§ **Task objective**
In the records that follow, the lines from the one containing "Kwas cytrynowy 100 g" to the one containing "Skull Ocean Lighthouse", inclusive, are to be given again exactly.

§ **Data in this exercise**
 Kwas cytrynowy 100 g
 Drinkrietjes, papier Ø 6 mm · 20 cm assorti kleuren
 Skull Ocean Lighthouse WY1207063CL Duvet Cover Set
--
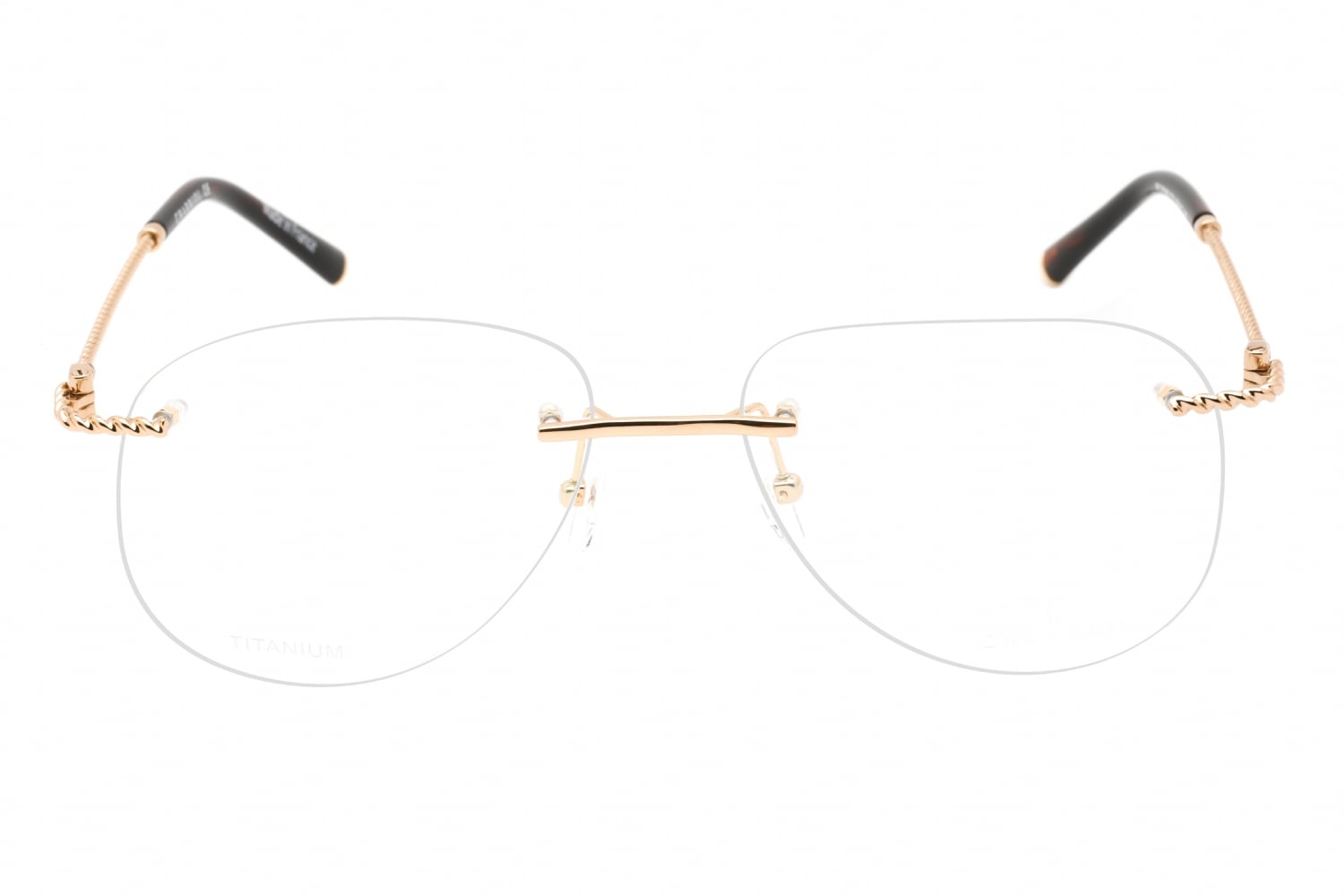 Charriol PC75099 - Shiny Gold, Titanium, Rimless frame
---
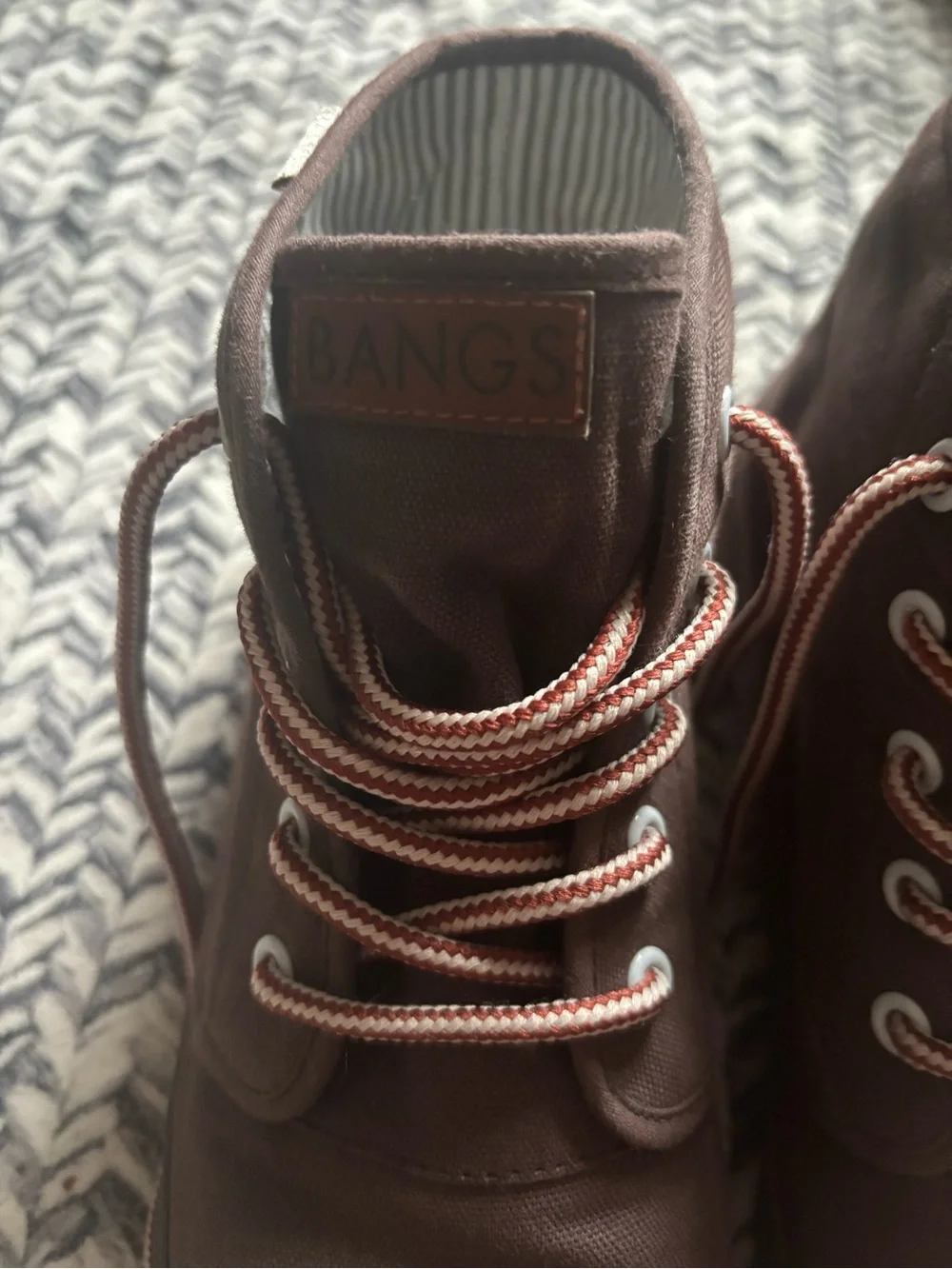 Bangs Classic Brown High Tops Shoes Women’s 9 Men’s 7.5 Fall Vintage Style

§ **Task output**
 Kwas cytrynowy 100 g
 Drinkrietjes, papier Ø 6 mm · 20 cm assorti kleuren
 Skull Ocean Lighthouse WY1207063CL Duvet Cover Set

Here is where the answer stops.